El perol sideralAlfredo Martín-Górriz

Parque de Levante, el sueño de los escarabajos peloteros

¿Habrá alguna app que permita contar cacotas del suelo?, me pregunto mientras entro en el llamado Parque de Levante, desde hace un tiempo parte indispensable de mis paseos deportivos. Hace un tiempo me levantaba pletórico un día que tuviese libre. Me iba al gimnasio a hacer una dura rutina de pesas tipo Weider. Al volver jugaba al baloncesto. Por la tarde quedaba con los amigos para un partido de frontón y luego salía por la noche...

Hoy he de conformarme con estar, por observación propia, en el top 20 de los andadores deportivos del barrio. Me encuentro en la antesala del aquagym, disciplina a la que iremos a parar todos aquellos que un día levantábamos cientos de kilos en sentadilla. El paseo deportivo, que consiste en andar con chándal y cascos, con alguna aceleración cuesta abajo, me permite conocer de cerca los jardines de Córdoba, cuyas carencias observo y reprocho con gesto censor y mohín de desaprobación.

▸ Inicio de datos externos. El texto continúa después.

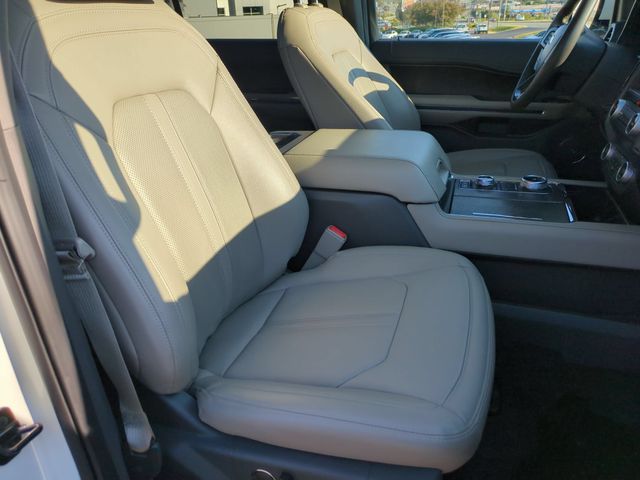 Used 2021 White Ford Limited image 36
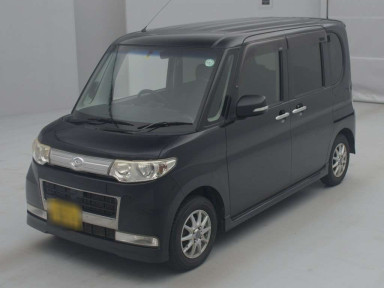 2010 Daihatsu Tanto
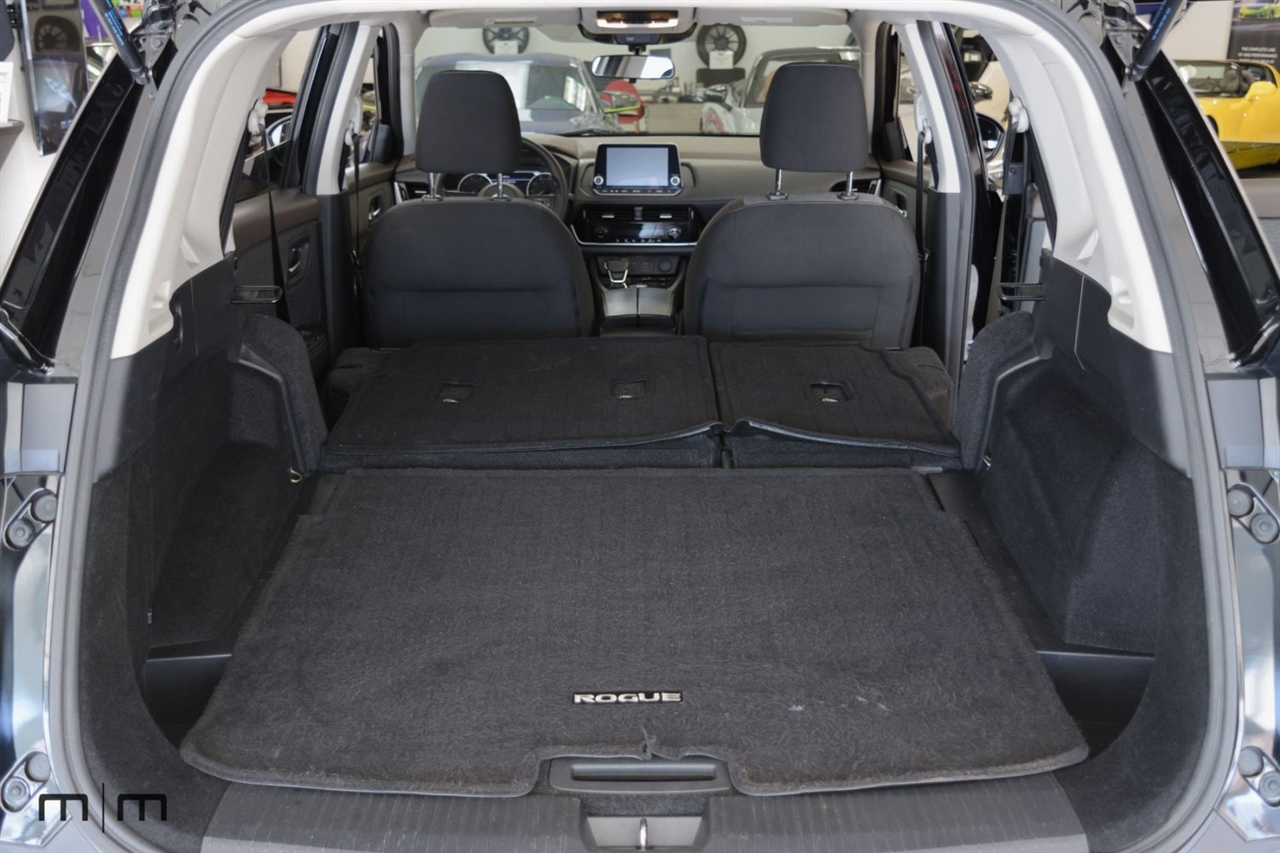 Nissan Rogue  2021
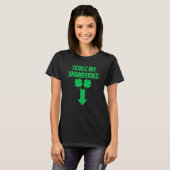 Naughty St Patricks Day Tickle My Shamrocks Dirk T-shirt (Voorkant volledig)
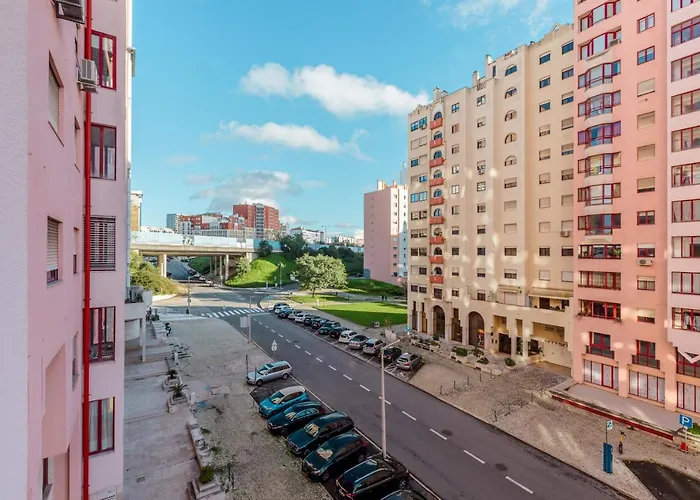 Elegant 3 Bedroom - Centre - Garage - Metro * Lisboa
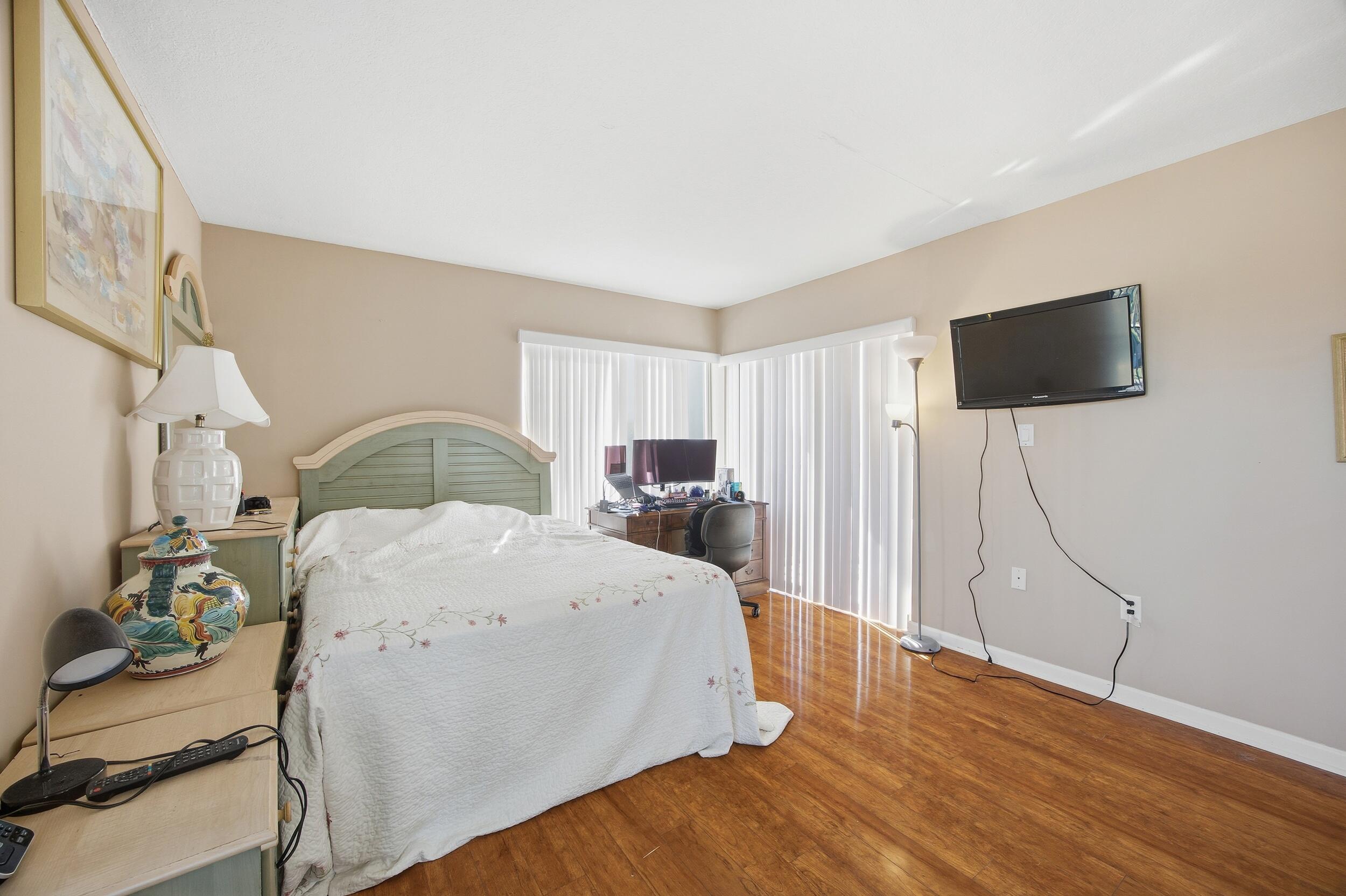 CATAMARAN LL CONDOMINIUM - Residential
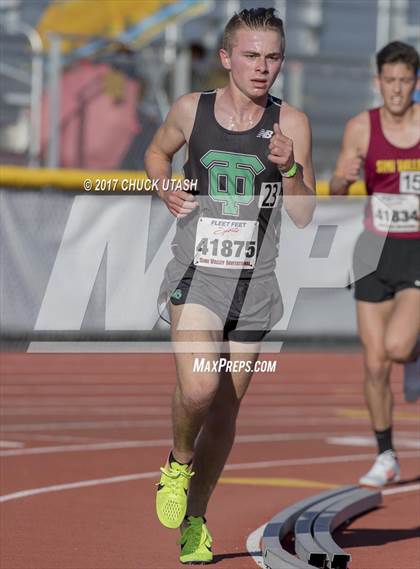 Thumbnail 2 in Simi Valley Track and Field Invitational (Boys Events) photogallery.
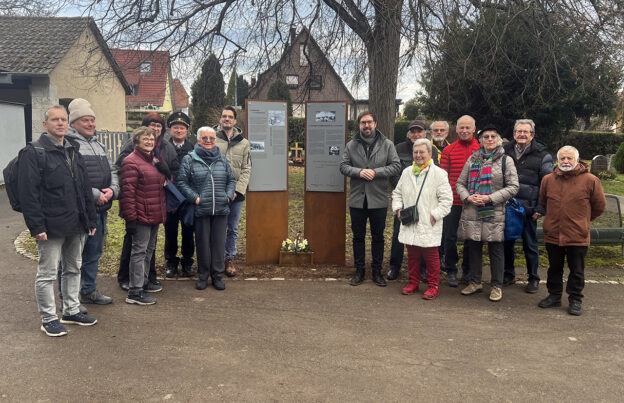 Einweihung der Stelen auf dem Alten Friedhof in Weilimdorf am 18.12.2024. Foto BURGER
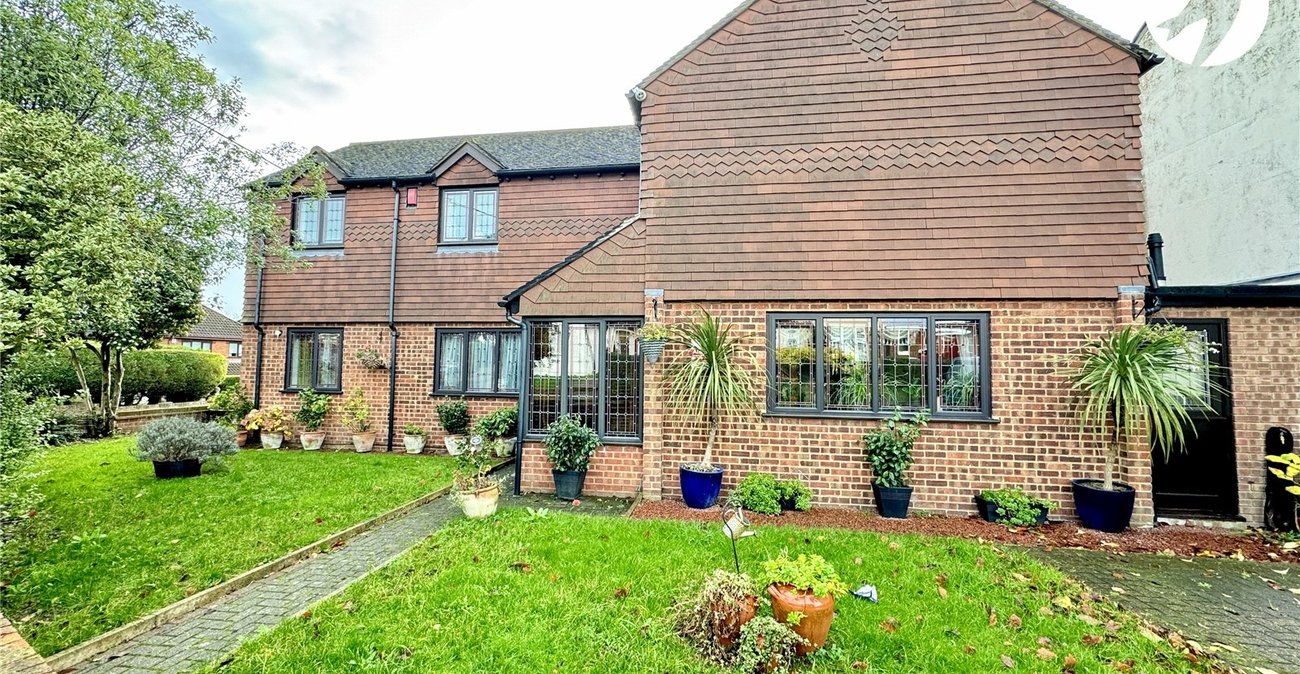 5 bedroom house for sale in Hextable | Robinson Jackson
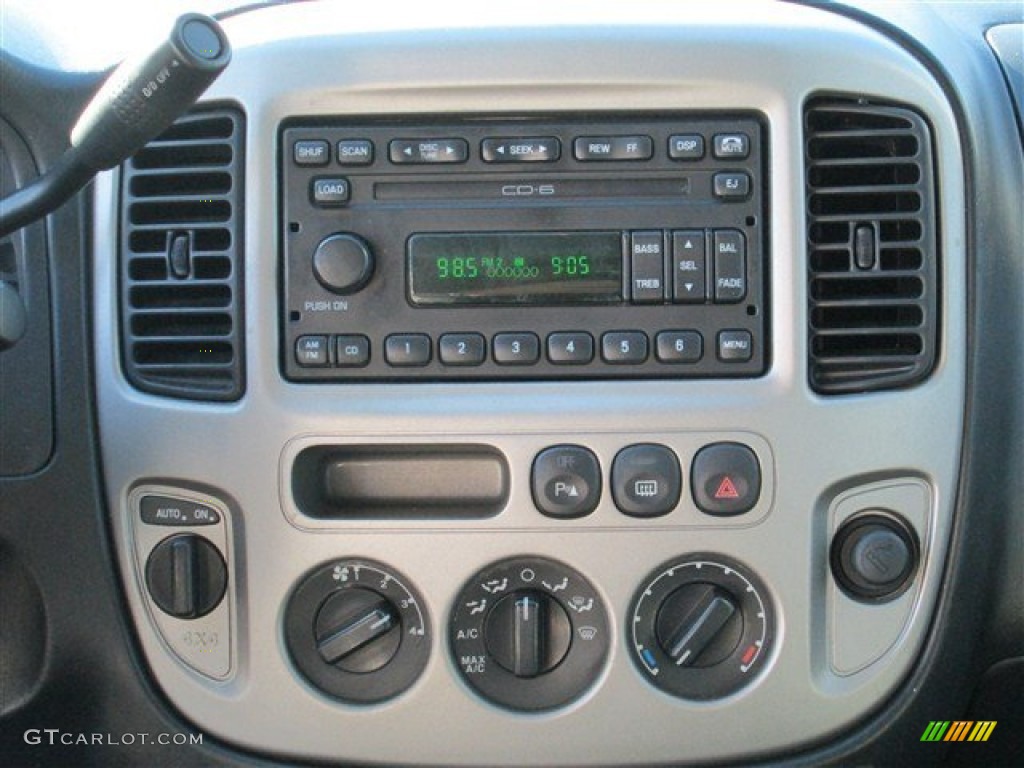 2004 Ford Escape Limited 4WD Controls Photos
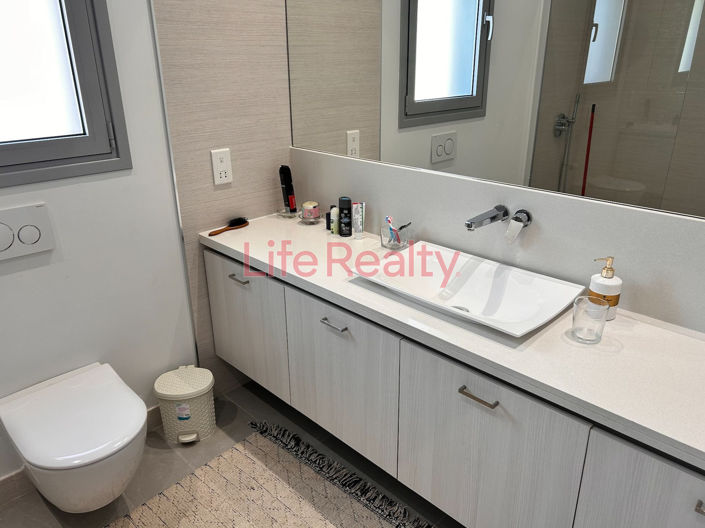 Image No.22-7 Bed House for sale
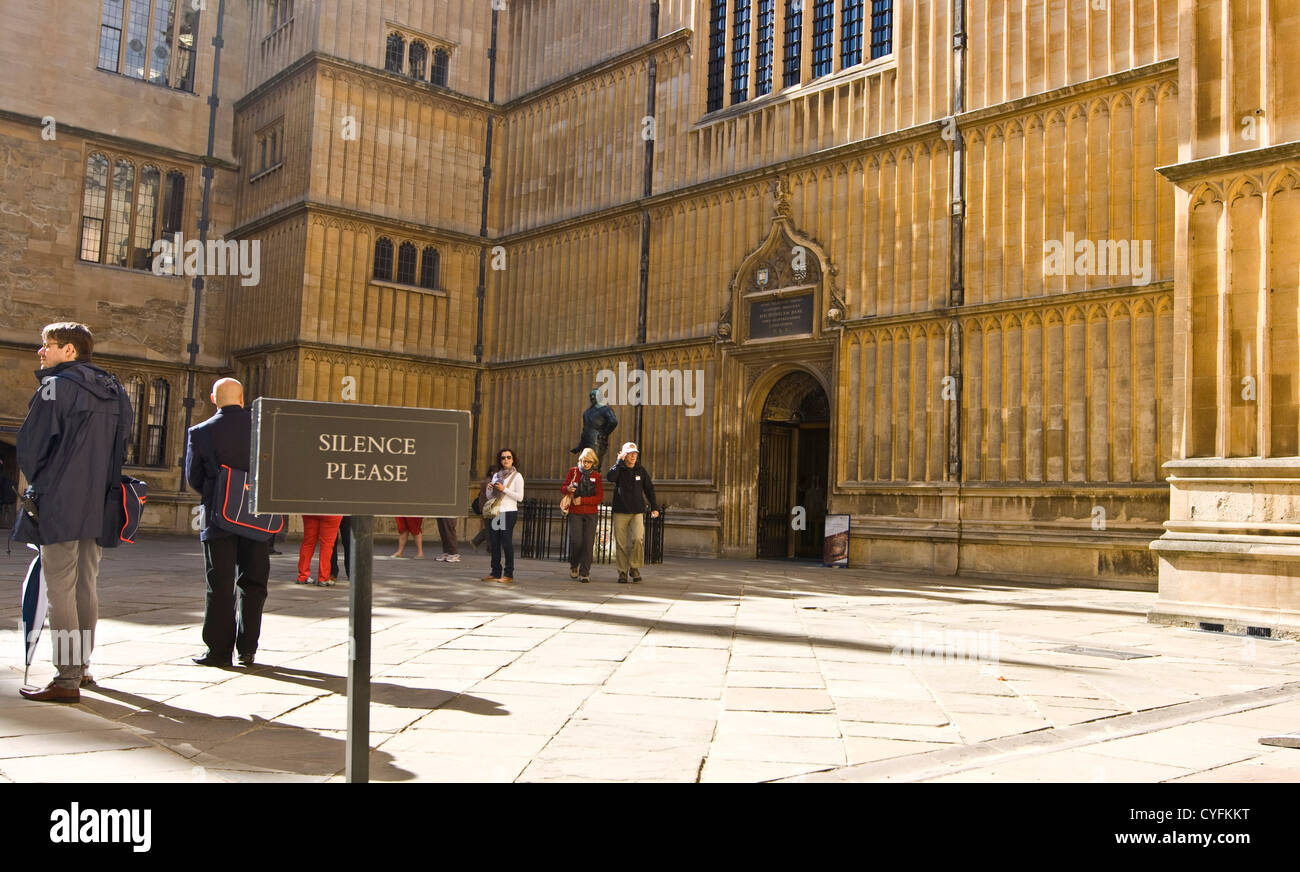 Inscrivez-vous pour demander le silence dans les écoles anciennes élèves de Quadrangle 1 énumérés Bodleian Library Oxford Oxfordshire England Europe Banque D'Images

Ese parque en particular me fascina, pues carece de árboles, tiene un piso de tierra y chinos que se escurre y desolla a los niños en el tobogán gigante, algunas zonas de aparatos para descoyuntar jubilados, dos mesas de ping-pong en mitad de la nada y un par de tirolinas, de la que ya solamente queda una, que la otra se la llevaría el Richal. Todo ellos en una notable extensión, a modo de enorme descampado, lo que lo convierte en un terreno autopercibido como parque, algo que conecta con estos tiempos líquidos. Si los museos contemporáneos cuentan con ese tipo de obras a modo de plátano pegado con cinta aislante a la pared, las urbes tienen ya sus jardines desjardinados, en los que la frondosidad se deja al albur de la imaginación.

El caso, y vuelvo al principio, es que mientras al erial autoconsiderado selva amazónica le salen los árboles, que afortunadamente son de rápido crecimiento y podrán disfrutar nuestros tataranietos, aquello se ha convertido en un retrete multiespecies. Sí, multiespecies, lo que redunda en la modernidad del lugar. Varios de los caminos, sobre todo los más cercanos a los edificios y colegios de Fátima o Carlos III, están repletos de deposiciones caninas, hasta límites difíciles de creer, lo que incluye en ocasiones aceras de acceso desde el barrio. Al margen de las zonas más sucias, no queda un sendero sin regalitos. Además el sitio tiene zona canina, por lo que todo está surtido en mayor o menor medida por los excrementos de estos animales. E insisto, en varias áreas se trata de una verdadera pocilga.

Pero hete aquí que encima, varios días a la semana, llega un rebaño de ovejas para comerse la vegetación, que no sé si será una medida de apoyo a las plantaciones mediante el ramoneo y el abono o cosas del pastoreo. El caso es que, como un ejército ovino, el rebaño realiza sus incursiones, dejando a su paso, cómo no, otra más que notable muestra de lo que llevan en sus intestinos. Finalmente, la combinación de excrementos de todo tipo se convierte en un verdadero festival para los sentidos del que es imposible escapar, un sueño para los escarabajos peloteros.

¿Y con respecto a la pregunta que iniciaba el artículo? Lástima, la respuesta es no. Y añadir al paseo deportivo un conteo a ojo me parece excesivo incluso para mí, aunque no lo descarto como ejercicio mental añadido. Entre tanto, personas de todas las edades, niños y familias acuden a diario a una supuesta zona verde más bien transformada en negra ante el aluvión de heces, una verdadera exageración.

Una, dos, tres, cuatro, cinco, seis... quizá en un próximo artículo traiga ya cifras concretas.